Alguns ainda teimam em se questionar se é necessário criar uma política que beneficie ou “favoreça” a população negra num país onde a convivência entre brancos e pretos é pacífica e onde não existe qualquer tipo de desigualdade étnico-racial. São julgamentos que partem de um princípio, já por muitos, criticado, o de que existe uma democracia racial no Brasil. Essa é uma lógica que paira soberana na cabeça de boa parte dos brasileiros e que por ser entendida como uma lógica – algo que não pode ser contrariado – se estabelece como verdade irrefutável. Acontece que nenhuma verdade é absoluta, nenhuma verdade é senão um constructo coletivo, às vezes imposto, às vezes consensuado pela disseminação de um discurso.

Muitos críticos do sistema de cotas lançam mão desse mito para afirmar que negros e brancos são iguais no Brasil e que, portanto, reservar vagas seria privilegiar um grupo em detrimento de outro, o que fere nossa Constituição. Outros vão ainda mais longe ao evocarem cinicamente o argumento de que os próprios negros se sentiriam inferiores na universidade por terem ingressado por meio de cotas. Ora, o que eles não percebem é que ao dar vazão a essa idéia, deixam escapar o preconceito arraigado de que negros são realmente inferiores.
No Brasil, o mito da democracia racial foi e continua sendo uma construção discursiva, que se baseia no mito da união das três raças – brancos, negros e indígenas – uma tentativa de se pensar uma nação, ou que seria o povo brasileiro. O que ninguém reflete é que a ascensão ou descenso de qualquer grupo social está ligada intimamente à relação de poder que tal grupo mantém com o Estado. E, no nosso caso, o Estado importado de Portugal era (muito de mais) branco.

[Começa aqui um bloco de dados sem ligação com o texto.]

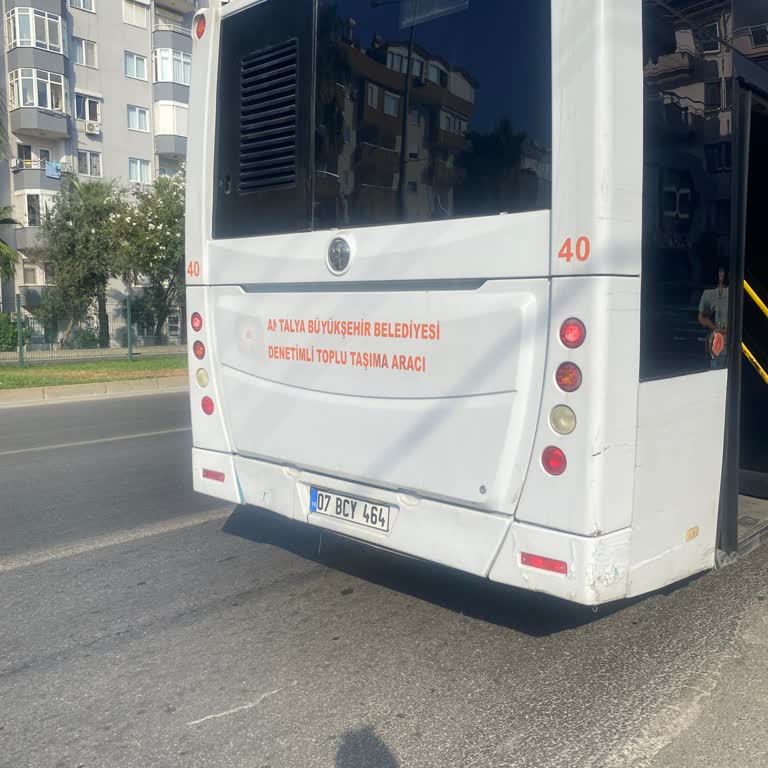 Alanya Halk Otobüsleri Kooperatifi Alanya Halk Otobüsleri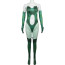 Wodea Goddess of Plants Sexy Poison Ivy Mistress Rant Costume - Bodysuit Gloves Set Wodea Goddess of Plants Cosplay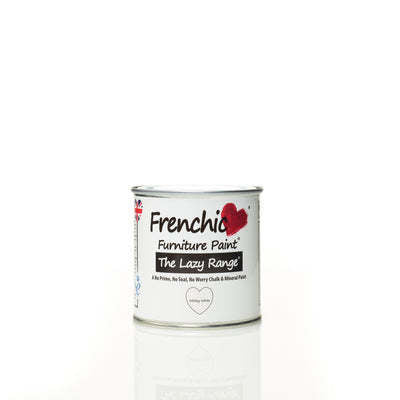 Frenchic Lazy Range 250ml Whitey White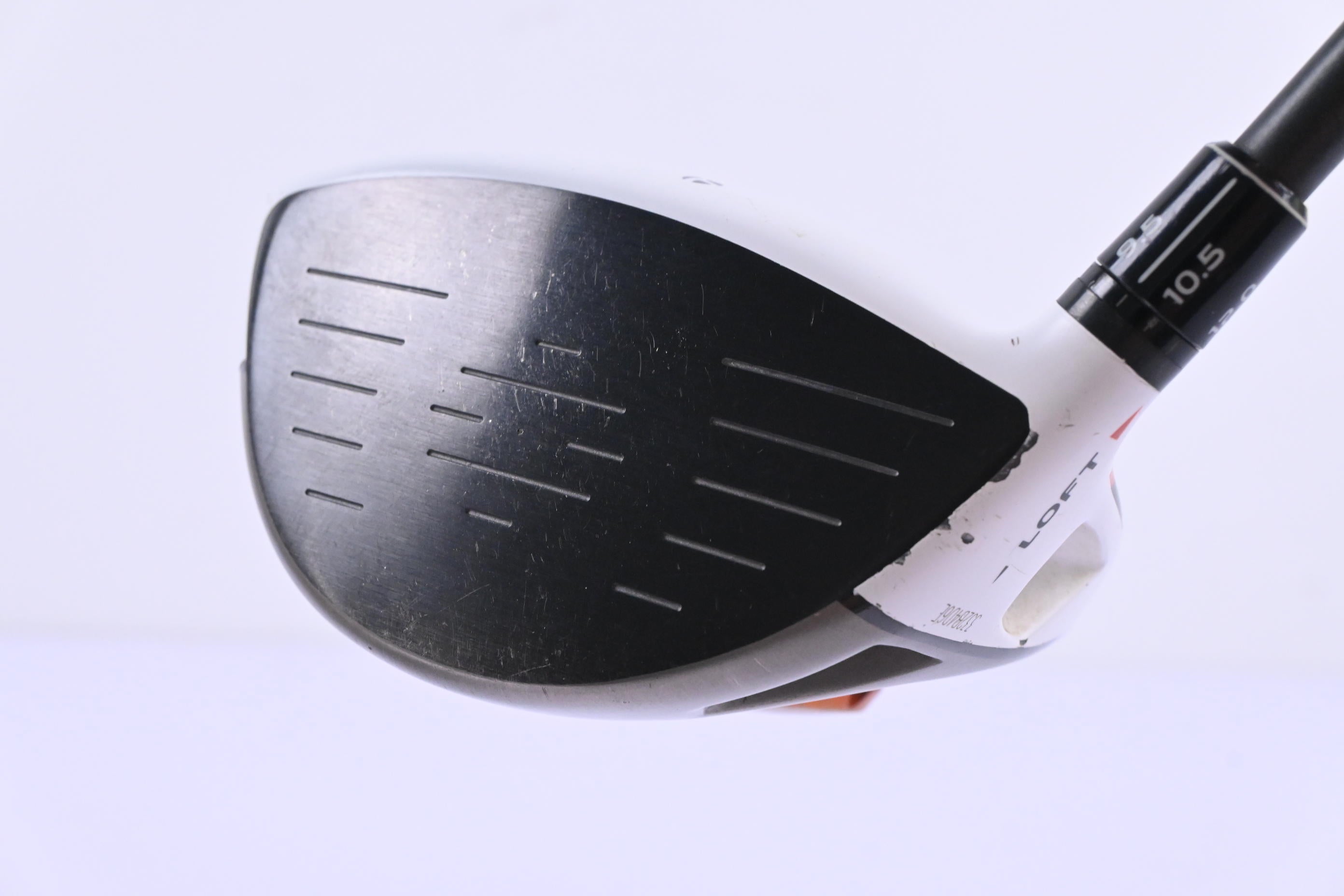 Taylormade R1 Driver / 12 Degree / Regular Flex Aldila RIP Phenom 55 Shaft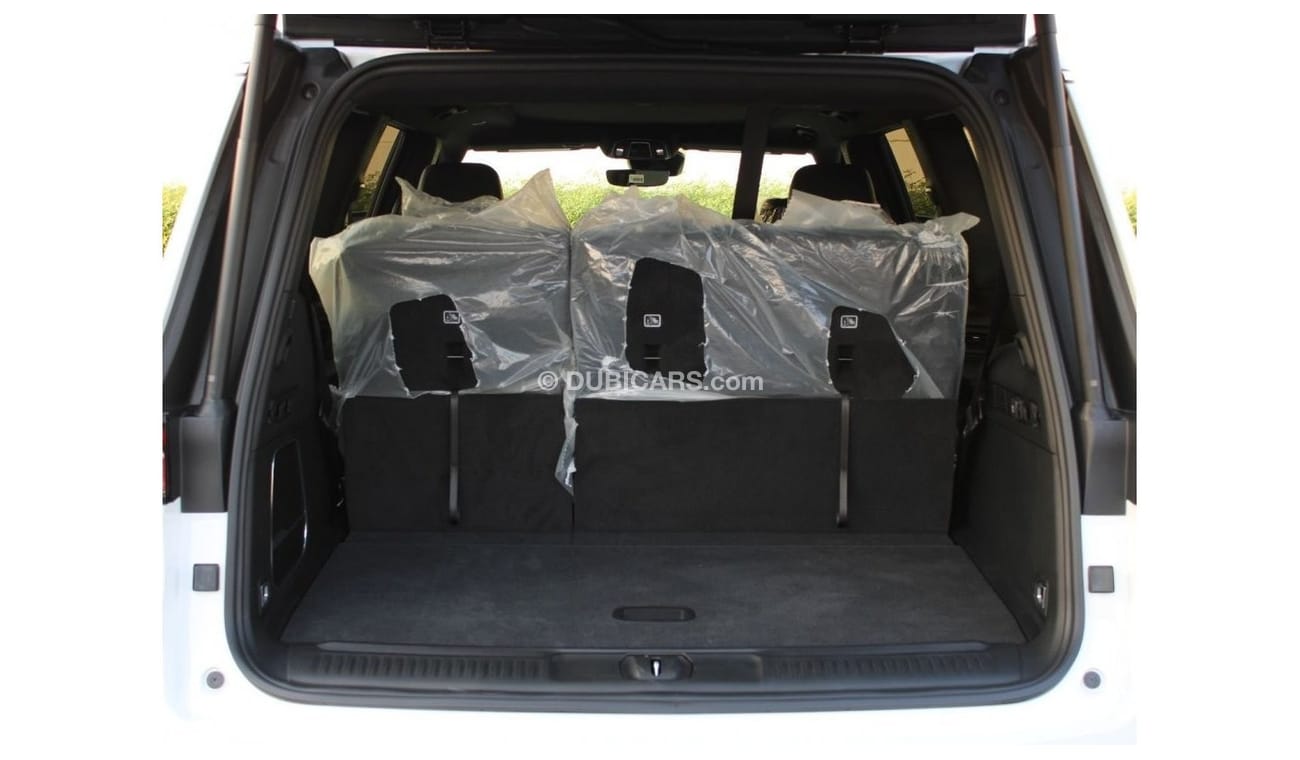 Jeep Wagoneer GRAND WAGONEER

Os brancos de ascendência européia dominaram não apenas do ponto de vista econômico – tendo em vista o processo histórico de colonização – mas também do ponto de vista simbólico, na medida em que eram, os intelectuais brancos os principais divulgadores da idéia de democracia racial. E por mais que houvesse no início do século XX teorias sociais que visavam a incluir o negro na “história” do país, essas teorias eram pautadas por ideais de dissolução da cultura negra, de suas crenças, suas manifestações e até mesmo de sua cor escura.
Houve, portanto, um processo de aculturamento do negro, ou como defendiam alguns intelectuais e literatos, um processo civilizatório que criava um modelo idealizado, despido de suas características reais. No fundo, a união das três raças nunca passou de uma ideologia forjada para submeter os negros (e os índios) à supremacia do homem branco. Daí nasce a idéia da mestiçagem, que permitiria uma suposta limpeza biológica da população, na medida em que o cruzamento com a raça branca garantiria a supressão das características negras e indígenas.
O mito da democracia racial acabou garantindo ao longo do século XX uma espécie de unidade nacional. No entanto, tal mito foi construído sobre a completa marginalização do povo negro, ainda que isso tenha sido feito com cinismo, na medida em que, após a libertação dos escravos nenhuma política de inclusão social do negro foi realizada pelo Estado brasileiro, ao contrário, a política eugênica proposta foi a da imigração dos brancos, sobretudo, alemães e italianos, para construir o país do futuro.